» **Exercise instructions**:
The answer is all of the data repeated exactly, with each picture omitted.

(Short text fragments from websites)
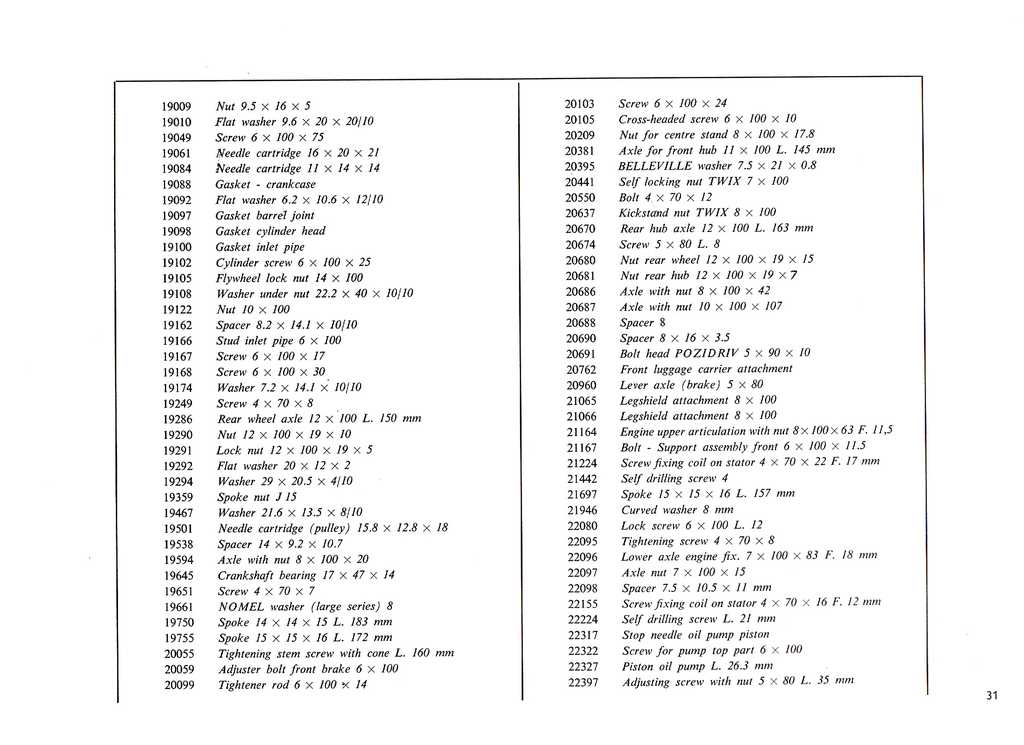 Catalogue des pièces — planche 30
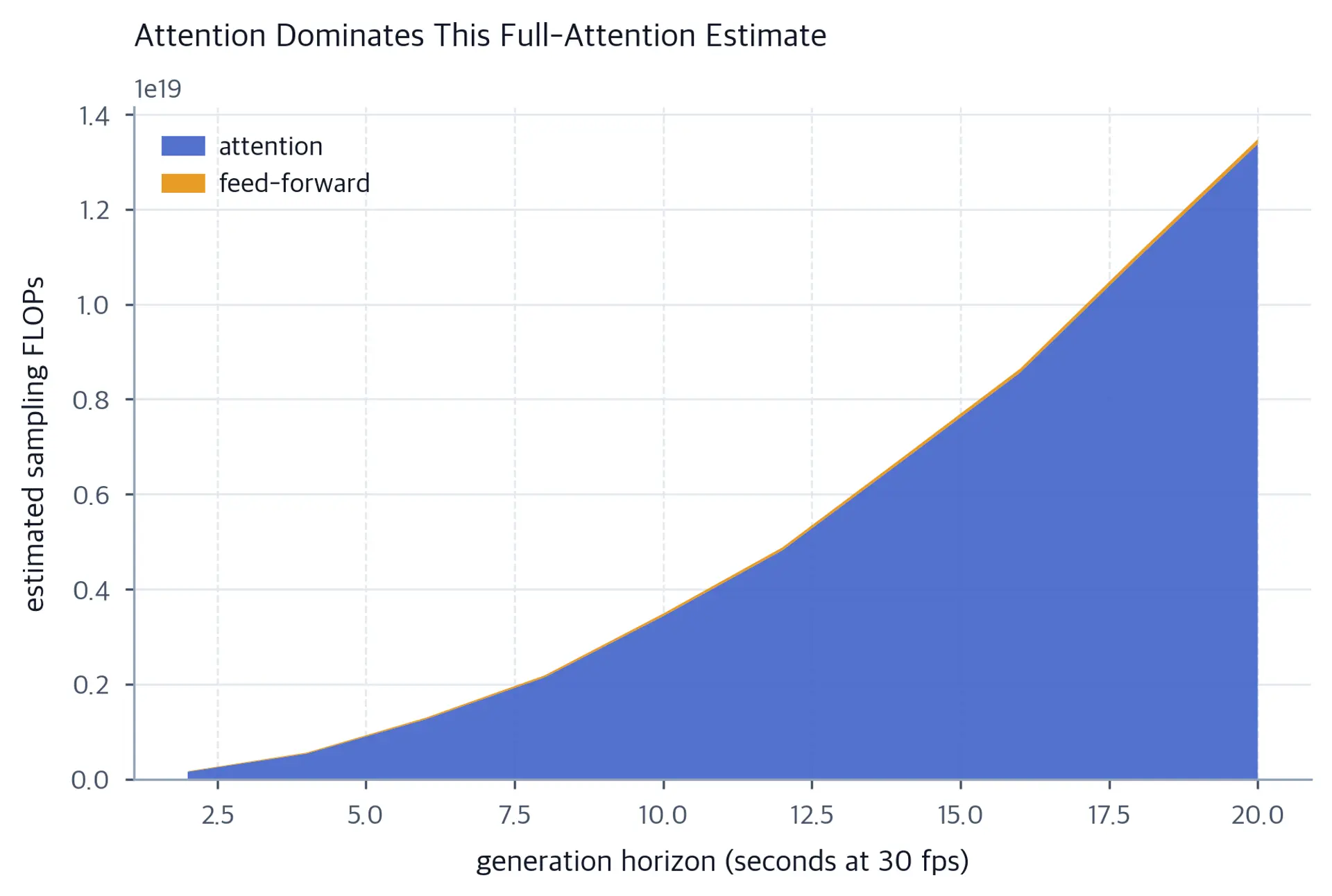 Stacked area of attention and feed-forward FLOPs against horizon.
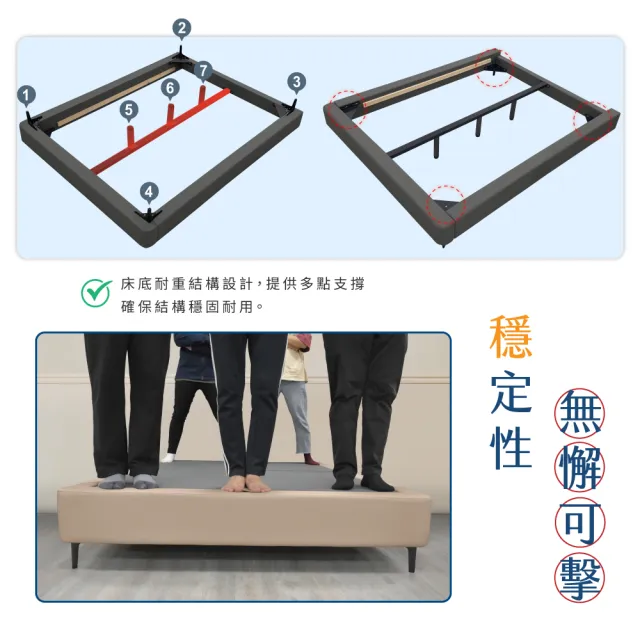 【A FACTORY 傢俱工場】韓式奶油風 雙人5尺 貓抓皮床頭片+強化常規高腳底(床底/床座/床台-房間2件組)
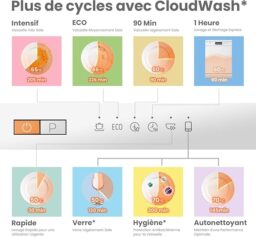 Image du fabricant 5 du COMFEE' lave-vaisselle blanc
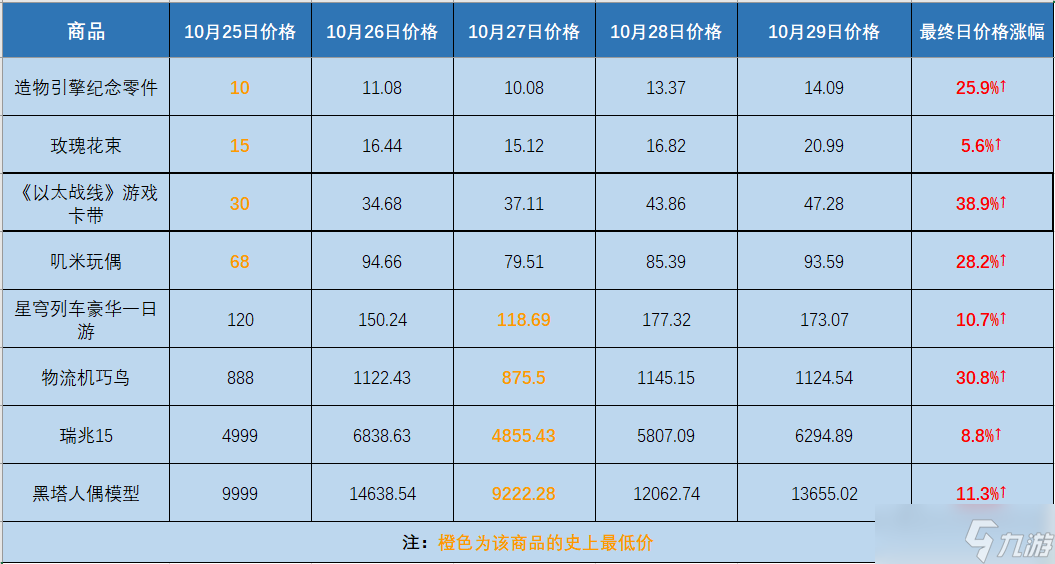 崩坏星穹铁道模拟市场最终日怎么玩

» **Exercise answer**:
 Catalogue des pièces — planche 30
 Stacked area of attention and feed-forward FLOPs against horizon.
 【A FACTORY 傢俱工場】韓式奶油風 雙人5尺 貓抓皮床頭片+強化常規高腳底(床底/床座/床台-房間2件組)
 Image du fabricant 5 du COMFEE' lave-vaisselle blanc
 崩坏星穹铁道模拟市场最终日怎么玩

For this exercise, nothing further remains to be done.